PROBLEM REQUIREMENTS: Take the entries below and print, exactly, the stretch from the line containing "Shop_Arihant Rai Sinha_Cream" through the line containing "Malerei mit dem", both included.

INFORMATION PROVIDED:
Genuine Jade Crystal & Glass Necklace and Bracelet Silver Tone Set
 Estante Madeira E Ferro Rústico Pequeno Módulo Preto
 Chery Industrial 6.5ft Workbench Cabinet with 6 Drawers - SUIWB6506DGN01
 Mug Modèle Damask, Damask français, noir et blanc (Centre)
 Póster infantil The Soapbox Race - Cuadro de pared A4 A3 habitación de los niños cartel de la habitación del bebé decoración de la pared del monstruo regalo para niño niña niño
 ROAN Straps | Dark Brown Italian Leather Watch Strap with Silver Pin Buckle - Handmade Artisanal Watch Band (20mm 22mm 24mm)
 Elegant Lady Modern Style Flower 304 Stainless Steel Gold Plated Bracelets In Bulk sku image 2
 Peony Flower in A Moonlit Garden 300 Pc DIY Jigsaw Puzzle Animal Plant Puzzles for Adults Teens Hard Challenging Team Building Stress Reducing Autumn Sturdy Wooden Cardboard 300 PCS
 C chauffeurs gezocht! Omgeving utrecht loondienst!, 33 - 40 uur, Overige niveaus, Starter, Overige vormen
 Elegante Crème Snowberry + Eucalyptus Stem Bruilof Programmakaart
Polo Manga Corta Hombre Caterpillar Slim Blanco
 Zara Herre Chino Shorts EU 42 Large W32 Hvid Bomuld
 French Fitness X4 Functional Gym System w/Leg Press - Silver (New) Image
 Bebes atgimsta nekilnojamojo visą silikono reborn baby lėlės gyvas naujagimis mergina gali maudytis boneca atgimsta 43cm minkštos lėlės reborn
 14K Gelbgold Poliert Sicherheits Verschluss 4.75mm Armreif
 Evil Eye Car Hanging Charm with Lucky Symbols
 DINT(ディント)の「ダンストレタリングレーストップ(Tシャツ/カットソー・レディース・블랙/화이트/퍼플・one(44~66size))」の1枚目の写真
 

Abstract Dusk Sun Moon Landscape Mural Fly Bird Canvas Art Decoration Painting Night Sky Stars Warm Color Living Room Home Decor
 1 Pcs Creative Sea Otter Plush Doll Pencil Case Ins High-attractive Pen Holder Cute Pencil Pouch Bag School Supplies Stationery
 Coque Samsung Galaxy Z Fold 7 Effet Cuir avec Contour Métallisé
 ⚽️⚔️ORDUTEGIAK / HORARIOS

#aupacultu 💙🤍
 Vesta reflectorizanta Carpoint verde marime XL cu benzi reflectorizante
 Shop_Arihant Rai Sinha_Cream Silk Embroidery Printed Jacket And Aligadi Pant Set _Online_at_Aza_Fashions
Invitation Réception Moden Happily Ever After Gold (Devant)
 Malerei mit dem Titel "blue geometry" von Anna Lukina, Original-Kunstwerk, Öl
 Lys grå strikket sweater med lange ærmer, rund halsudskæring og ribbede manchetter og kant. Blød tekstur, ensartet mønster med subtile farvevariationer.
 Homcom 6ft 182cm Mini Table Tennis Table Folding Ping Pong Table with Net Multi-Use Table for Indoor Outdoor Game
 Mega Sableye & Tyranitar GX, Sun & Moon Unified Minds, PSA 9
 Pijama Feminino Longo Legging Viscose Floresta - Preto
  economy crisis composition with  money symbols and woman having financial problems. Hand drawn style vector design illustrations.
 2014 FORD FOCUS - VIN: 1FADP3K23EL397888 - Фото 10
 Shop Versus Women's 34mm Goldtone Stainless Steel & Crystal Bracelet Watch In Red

RESULT FOR THIS EXERCISE:
 Shop_Arihant Rai Sinha_Cream Silk Embroidery Printed Jacket And Aligadi Pant Set _Online_at_Aza_Fashions
Invitation Réception Moden Happily Ever After Gold (Devant)
 Malerei mit dem Titel "blue geometry" von Anna Lukina, Original-Kunstwerk, Öl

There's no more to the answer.